After signing with a new label (Barclay), he recorded his first solo album A Different Man in 1991 in California that he co-produced with his friend, drummer Pat Mastelotto. Kingsbery broadened his skills by not only playing the piano or organ but also the accordion. Breaking with the style of Cock Robin, he introduced more classical instruments such as wind instruments (saxophone, flute, trombone and euphonium) or traditional as the oud (or lute, giving Slavic accents to the song Hélène). Kingsbery recorded a cover version of How Can I Be Sure, a hit by the band The Rascals dating from 1968. The album which originally included 10 songs, was re-released with 2 extra tracks "Love In Motion" and "The Sublime" for the international market.

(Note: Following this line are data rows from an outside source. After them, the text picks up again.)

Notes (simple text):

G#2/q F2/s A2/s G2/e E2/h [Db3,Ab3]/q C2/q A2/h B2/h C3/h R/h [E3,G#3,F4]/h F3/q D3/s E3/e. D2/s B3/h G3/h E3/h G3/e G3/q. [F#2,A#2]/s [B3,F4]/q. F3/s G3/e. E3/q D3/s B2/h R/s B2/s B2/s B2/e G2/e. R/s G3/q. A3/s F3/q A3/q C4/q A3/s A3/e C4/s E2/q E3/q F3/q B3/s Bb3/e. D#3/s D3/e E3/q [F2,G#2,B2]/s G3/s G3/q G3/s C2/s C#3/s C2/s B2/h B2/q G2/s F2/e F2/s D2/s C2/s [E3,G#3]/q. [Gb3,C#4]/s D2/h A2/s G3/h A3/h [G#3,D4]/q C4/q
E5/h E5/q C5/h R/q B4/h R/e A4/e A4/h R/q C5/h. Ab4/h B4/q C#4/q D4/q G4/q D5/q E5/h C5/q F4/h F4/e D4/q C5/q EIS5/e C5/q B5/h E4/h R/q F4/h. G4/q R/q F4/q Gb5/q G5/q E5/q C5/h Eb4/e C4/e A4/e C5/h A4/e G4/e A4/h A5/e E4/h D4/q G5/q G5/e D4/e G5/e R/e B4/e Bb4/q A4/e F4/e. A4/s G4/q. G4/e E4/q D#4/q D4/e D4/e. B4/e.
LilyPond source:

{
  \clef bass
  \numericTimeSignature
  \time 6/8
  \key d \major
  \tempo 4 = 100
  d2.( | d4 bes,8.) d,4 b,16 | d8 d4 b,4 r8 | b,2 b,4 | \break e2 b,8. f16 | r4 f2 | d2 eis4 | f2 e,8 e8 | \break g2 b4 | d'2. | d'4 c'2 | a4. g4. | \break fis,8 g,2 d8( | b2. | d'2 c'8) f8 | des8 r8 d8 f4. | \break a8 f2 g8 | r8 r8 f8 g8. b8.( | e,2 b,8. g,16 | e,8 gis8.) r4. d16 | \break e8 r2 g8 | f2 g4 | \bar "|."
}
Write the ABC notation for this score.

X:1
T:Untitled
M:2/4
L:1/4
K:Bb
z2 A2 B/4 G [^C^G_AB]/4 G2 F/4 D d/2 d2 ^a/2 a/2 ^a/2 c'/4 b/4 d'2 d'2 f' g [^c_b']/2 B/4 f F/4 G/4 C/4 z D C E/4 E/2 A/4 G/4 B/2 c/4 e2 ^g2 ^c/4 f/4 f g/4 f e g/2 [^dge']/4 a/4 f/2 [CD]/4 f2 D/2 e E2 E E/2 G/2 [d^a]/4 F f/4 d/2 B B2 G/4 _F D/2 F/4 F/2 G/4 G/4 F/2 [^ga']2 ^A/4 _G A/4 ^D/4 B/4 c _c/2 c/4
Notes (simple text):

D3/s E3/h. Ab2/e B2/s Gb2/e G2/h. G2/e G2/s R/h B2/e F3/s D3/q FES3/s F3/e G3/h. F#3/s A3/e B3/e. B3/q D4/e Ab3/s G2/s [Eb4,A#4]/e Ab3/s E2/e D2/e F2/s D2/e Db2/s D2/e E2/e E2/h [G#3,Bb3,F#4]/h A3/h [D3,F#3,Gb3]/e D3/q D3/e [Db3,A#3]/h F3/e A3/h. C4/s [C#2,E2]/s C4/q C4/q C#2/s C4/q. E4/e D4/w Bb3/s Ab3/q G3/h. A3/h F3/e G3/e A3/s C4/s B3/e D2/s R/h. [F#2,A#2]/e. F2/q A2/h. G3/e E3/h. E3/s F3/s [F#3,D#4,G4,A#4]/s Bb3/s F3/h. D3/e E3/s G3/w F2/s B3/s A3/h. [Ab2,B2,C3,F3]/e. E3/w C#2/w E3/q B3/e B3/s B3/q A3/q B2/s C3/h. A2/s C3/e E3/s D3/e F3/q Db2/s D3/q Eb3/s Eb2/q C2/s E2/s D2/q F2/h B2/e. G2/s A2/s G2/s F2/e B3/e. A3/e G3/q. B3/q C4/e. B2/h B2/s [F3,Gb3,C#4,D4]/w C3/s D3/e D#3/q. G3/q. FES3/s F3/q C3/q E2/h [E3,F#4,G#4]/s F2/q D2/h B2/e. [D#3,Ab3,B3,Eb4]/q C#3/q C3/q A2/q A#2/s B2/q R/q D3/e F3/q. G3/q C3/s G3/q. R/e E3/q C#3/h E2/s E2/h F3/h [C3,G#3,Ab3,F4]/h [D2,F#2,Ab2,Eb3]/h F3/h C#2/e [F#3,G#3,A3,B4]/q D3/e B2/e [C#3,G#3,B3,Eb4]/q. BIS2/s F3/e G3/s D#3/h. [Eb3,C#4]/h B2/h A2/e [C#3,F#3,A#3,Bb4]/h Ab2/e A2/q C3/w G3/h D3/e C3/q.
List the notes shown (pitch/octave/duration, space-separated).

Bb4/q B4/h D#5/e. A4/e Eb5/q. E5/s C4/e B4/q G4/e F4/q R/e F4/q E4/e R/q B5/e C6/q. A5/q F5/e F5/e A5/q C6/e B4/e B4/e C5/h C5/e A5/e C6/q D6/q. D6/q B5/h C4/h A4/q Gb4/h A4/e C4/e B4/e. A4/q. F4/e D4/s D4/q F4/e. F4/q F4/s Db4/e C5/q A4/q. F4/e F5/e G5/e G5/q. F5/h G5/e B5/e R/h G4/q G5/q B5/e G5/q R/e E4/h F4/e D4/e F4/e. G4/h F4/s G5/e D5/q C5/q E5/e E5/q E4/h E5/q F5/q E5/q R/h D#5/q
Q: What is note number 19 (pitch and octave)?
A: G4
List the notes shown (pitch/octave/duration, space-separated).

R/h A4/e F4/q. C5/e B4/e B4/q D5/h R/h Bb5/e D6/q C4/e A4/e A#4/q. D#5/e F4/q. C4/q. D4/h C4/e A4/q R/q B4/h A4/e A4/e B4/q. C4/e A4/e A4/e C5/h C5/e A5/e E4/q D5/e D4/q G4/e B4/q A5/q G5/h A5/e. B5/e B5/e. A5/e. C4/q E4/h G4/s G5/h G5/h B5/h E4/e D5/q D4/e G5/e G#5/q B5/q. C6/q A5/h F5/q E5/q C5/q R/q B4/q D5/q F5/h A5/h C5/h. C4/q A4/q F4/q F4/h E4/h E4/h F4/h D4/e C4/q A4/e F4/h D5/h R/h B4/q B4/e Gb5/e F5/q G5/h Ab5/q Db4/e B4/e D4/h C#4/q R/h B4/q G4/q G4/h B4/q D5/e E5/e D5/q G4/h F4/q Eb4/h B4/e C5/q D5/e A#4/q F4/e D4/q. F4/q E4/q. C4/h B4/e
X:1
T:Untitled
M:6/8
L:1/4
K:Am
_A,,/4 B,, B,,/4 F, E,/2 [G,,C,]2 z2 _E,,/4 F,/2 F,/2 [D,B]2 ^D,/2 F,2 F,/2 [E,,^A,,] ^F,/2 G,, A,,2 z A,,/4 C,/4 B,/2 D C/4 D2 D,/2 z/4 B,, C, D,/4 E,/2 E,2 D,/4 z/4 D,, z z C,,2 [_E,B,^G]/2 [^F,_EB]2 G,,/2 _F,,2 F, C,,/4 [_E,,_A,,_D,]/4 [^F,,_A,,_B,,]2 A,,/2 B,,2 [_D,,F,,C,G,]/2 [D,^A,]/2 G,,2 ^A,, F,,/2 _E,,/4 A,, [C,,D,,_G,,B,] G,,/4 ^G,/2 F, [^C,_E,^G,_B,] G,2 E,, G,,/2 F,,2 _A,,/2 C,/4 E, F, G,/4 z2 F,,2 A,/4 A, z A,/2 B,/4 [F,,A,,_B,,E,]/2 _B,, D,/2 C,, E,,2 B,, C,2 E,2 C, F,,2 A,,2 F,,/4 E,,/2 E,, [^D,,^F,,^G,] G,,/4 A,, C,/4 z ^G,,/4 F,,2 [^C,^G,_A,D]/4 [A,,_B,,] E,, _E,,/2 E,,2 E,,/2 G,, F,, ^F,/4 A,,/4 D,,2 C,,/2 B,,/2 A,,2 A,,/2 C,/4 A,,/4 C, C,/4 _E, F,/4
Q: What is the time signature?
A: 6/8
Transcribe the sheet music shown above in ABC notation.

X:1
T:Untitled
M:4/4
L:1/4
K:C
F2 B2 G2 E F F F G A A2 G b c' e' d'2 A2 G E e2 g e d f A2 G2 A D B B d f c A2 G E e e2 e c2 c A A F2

It was followed by a tour in France, where he only played the piano in small clubs across the country and Paris (in 1992, he played to a packed Théâtre Grévin).

Shortly after, Kingsbery participated in the concept album musical Tycoon, the English version of the French cult musical Starmania by Michel Berger & Luc Plamondon, with English lyrics by Tim Rice. He sang Only The Very Best, which became a major hit in France in 1992, and also the song Ego Trip on the album.

A few years later, in 1995, he released his second solo album Once in a Million. Recorded in various studios (in Los Angeles, London, Paris, Toulouse, Biarritz and Brussels), he continued to use classical instruments (strings, trumpet and harmonica). Besides his usual contributing musicians like Clive Wright and Pat Mastelotto, he enrolled some French players with the likes of drummer Hervé Coster or jazz musician Stéphane Belmondo. This album was also followed by a tour in small venues in France.

Released in 1997, Pretty Ballerina, the third solo studio album stands out from the others for several reasons. It was entirely recorded in France with the participation of French front musicians such as Mathieu Chedid. Also, uniquely in the discography of this singer-songwriter, the album title is not taken from one of his original songs but from the American band The Left Banke's song dating from 1966 to 1967. The album also includes a few reprises, notably Brand New Year in a new version from Kingsbery's own previous album.

In 2006, Kingsbery found himself again at the front of the stage with the return of Cock Robin.

== Discography ==
- 1991: A Different Man
- 1995: Once in a Million
- 1997: Pretty Ballerina
- 2002: Mon Inconnue
- 2014: Much Taller Than on the Internet (Mini-album and film in collaboration with Umpff).